Author Julie Otsuka. Photo Credit: Robert Bessoir.
Author Julie Otsuka. Photo Credit: Robert Bessoir.

Propelling the narrative forward is Otsuka’s remarkably simple prose and structure, with common repetition of sentences that is reminiscent of the gospel preacher style. With lightening speed efficiency, the reader is nearly drawn into the whirlwind of the story at an almost frantic pace. Yet never do simple sentence structures distract, nor bore, but for (because of) Ostuka’s masterful hand for words and images which sustain the story’s electrifying energy.

She not only recreates a world lost to time, but also revives the ghosts of the past. The final chapter is especially haunting and unique because of its perspective. The WWII evacuation of Japanese from the West Coast forces the departure of these picture brides and their Japanese families. Otsuka’s Japanese protagonists and their corporate “we” voice again become ghosts and disappear from the narrative.
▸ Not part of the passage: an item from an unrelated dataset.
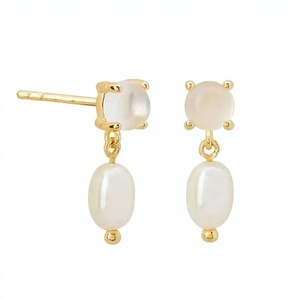 Pendientes Clásicos de Perlas de Agua Dulce Chapados en Oro, Forma de Gota de Agua, Engaste de Garra, Joyería para Uso Diario de Mujer - Product Image 1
We then hear the voices of the remaining Caucasian American residents, as they experience a world without Japanese, left in the vacuum of their departure.

This is no mere book, but a reading experience. “The Buddha in the Attic” cannot be measured by its grammatical simplicity, or by its number of pages. Its weight and heft transcend its physical size. Julie Otsuka again shows that she is a writer’s writer.

From the first page, like her characters, the reader enters into her spirit world. Writing about the August Festival for the dead (“Obon”) and their spirits, she writes:

And at the end of that day, when it was time for them to leave, we set paper lanterns afloat on the river to guide them safely home. For they were Buddhas now, who resided in the Land of Bliss.

 

 

Putting the book down upon reading its last page, readers, too, will reside in Julie Otsuka’s land of bliss.

 

“The Buddha in the Attic” by Julie Otsuka has been nominated for the National Book Award.